O COMEÇO DO FIM

 PORTINARI, CANDIDO


Uma notícia ruim nunca vem sozinha, geralmente está acompanhada por inúmeros infortúnios que, exatamente, fazem dela má. Certamente a situação nefasta está repleta de pequenos encadeamentos fáticos, elos imprudentes, negligentes ou imperitos que acabam eclodindo num quadro dramático e inesperado. Desta forma, não podemos atribuir toda culpa há um único elemento. No caso da crise hídrica em São Paulo, por exemplo, não podemos apontar a falta de chuvas como única causadora, tampouco, atribuir ao governo toda responsabilidade. Penso que um conjunto de muitos culpados, durante longo tempo, motivou esta crise, a qual é apenas a ponta do iceberg, pois o muito pior ainda esta por vir se uma atitude realmente eficaz não for tomada.

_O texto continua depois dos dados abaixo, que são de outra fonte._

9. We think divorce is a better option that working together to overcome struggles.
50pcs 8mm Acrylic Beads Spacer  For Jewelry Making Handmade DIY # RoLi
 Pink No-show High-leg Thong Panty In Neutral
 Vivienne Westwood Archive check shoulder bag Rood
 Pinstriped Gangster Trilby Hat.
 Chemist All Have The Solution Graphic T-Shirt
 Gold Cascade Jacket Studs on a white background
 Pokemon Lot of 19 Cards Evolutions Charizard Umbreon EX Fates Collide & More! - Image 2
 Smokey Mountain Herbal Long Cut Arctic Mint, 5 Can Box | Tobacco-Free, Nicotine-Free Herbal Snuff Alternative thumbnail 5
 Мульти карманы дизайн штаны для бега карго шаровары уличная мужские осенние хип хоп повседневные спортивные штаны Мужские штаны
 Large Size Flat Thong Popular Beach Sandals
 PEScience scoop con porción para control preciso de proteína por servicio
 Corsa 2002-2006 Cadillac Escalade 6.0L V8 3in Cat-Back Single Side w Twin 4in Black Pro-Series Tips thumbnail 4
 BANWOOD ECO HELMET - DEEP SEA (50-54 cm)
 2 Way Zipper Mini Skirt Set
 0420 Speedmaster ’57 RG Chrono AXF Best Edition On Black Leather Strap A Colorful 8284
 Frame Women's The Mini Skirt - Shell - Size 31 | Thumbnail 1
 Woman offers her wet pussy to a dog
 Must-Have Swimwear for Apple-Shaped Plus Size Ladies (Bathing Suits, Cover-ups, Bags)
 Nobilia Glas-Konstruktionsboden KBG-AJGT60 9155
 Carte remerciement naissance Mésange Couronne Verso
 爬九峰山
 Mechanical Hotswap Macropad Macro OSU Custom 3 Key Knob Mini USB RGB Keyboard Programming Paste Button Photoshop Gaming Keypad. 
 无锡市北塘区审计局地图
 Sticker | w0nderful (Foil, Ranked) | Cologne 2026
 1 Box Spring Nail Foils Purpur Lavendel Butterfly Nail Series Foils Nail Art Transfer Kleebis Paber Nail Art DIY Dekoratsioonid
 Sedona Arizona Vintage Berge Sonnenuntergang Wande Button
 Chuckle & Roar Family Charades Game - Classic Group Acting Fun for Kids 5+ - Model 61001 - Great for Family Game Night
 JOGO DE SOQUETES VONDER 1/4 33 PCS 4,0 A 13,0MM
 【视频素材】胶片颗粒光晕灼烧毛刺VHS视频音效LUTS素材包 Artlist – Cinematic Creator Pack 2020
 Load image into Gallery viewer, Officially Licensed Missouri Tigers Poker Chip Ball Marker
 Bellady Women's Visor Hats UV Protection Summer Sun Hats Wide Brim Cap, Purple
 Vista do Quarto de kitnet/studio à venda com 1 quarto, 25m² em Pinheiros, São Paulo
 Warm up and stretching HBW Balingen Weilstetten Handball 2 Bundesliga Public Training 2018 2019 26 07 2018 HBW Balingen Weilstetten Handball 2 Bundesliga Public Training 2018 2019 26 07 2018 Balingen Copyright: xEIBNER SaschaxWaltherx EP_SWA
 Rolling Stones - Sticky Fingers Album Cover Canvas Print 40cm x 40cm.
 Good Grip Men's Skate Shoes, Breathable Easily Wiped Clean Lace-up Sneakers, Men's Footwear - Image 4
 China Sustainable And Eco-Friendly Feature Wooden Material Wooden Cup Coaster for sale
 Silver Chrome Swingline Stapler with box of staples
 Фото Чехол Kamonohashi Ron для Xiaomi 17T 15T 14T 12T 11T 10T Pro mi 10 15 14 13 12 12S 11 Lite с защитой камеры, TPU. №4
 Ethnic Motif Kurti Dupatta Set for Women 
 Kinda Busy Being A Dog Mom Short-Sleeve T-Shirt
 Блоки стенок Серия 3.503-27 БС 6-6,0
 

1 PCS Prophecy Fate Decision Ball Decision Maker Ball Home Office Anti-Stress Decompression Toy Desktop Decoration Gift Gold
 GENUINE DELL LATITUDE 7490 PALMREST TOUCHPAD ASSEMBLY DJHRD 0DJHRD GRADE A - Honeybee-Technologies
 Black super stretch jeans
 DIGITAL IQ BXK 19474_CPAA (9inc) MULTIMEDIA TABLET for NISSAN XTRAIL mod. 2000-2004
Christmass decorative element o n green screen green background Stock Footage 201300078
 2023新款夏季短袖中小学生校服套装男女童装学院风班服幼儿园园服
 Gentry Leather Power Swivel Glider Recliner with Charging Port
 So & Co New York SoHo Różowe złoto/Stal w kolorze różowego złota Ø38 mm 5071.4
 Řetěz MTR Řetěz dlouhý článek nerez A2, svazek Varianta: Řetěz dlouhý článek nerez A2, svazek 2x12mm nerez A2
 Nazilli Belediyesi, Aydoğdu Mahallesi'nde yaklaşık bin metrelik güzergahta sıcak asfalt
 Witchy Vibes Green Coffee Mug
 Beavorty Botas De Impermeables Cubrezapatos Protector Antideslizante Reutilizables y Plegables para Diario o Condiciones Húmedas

Começarei apontando os erros que desembocaram na atual situação.

1) Desde a Conferência de Estocolmo, realizada em junho de 1972 e, mais recentemente, a ECO-92, tendo como palco o Rio de Janeiro em 1992 tratavam basicamente do mesmo assunto: medidas para conseguir diminuir a degradação ambiental e garantir a existência de outras gerações. Naquela oportunidade já se demonstrava as importantes alterações climáticas que o planeta estava sofrendo, entretanto, muitos afirmaram tratar-se de um exagero por parte dos chatos ambientalistas. Agora estamos colhendo os frutos, isto é só o começo.

2) Durante anos incutiram em nossas mentes que o Brasil é um pais tropical de riquezas naturais infindáveis. O único país do mundo com abundantes reservas naturais de água, florestas e minerais. O povo brasileiro acreditou e devorou as tais riquezas de forma predatória e sem qualquer responsabilidade, afinal não acaba é ilimitado. Ledo engano. Não só acaba, como não se renovará, pelos menos não em curto prazo, talvez daqui alguns milhares de anos.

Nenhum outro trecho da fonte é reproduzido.